Пастернаковская «Метель» возникает на стыке двух гоголевских текстов — «Ночь перед рождеством» и «Страшная месть». Следующие сразу друг за другом у Гоголя и резко контрастирующие, они, переосмысляясь, причудливо переплетаются у Пастернака, образуя единый макрособытийный каркас сюжета. Он берет варфоломеевскую резню как абсолютную антитезу божественному рождению Христа. Варфоломеевская ночь — не просто предельное зло, а результат какой-то ошибки в прошлом. Это кара за отступление от истинного пути веры.

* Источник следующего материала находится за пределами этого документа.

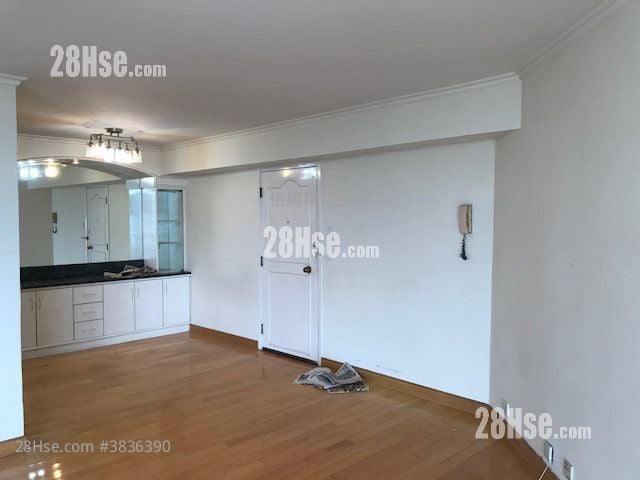 Taikoo Shing Sell 3 Bedrooms , 2 Bathrooms 1,015 ft²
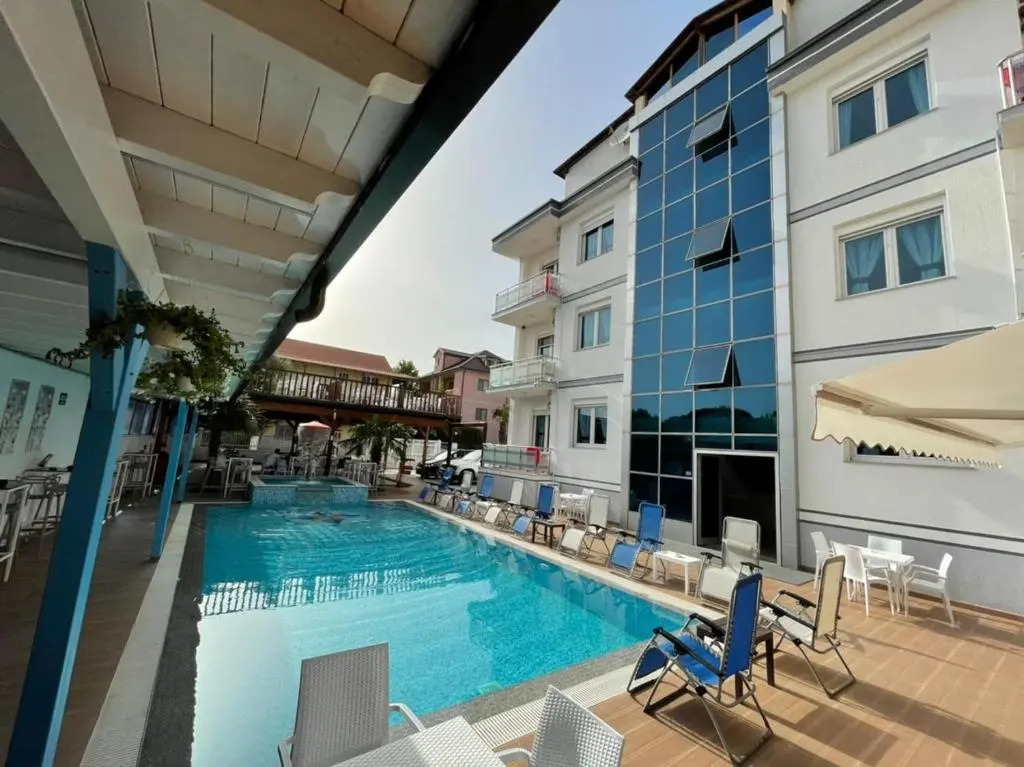Brian Hotel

Осиновый лист Иуды и появляется как символ предательства и забвения благой вести Спасителя: «Твой вестник — осиновый лист, он безгубый, / Без голоса, Вьюга, бледней полотна!» (I, 76). Не зря убийца «Страшной мести» одновременно носит имена Иуды и Каина, а первая братоубийственная кровь и коварное предательство страшным родовым грехом, проклятием тяготеют над потомством. У Гоголя кровь смывается только кровью. У Пастернака выход из бесконечной цепи зла возможен только ценой бескровной жертвы. Родовой грех искупим в возврате к основам веры. Надо найти Вифлеемскую звезду. Отсюда — призыв отправиться к праотцам. Инверсирован смысл фразеологизма «отправиться к праотцам» — умереть. В случае Пастернака он означает прямо противоположное — воскреснуть. Выделив полюса абсолютной антитезы — божественное рождение и братоубийственную смерть, Пастернак сводит их воедино. Рождество описывается языком варфоломеевской ночи, а варфоломеевская ночь — на языке рождественского праздника. Это противоречивое единство позволяет Пастернаку превратить варфоломеевскую ночь как символ предельного зла — в искупительную жертву. «…На высотах, — признается Пастернак, — где она (поэзия — Г. А., В. М.) чувствует себя как дома, ничего, кроме жертв и вечной готовности к ним, не водится» (IV, 231).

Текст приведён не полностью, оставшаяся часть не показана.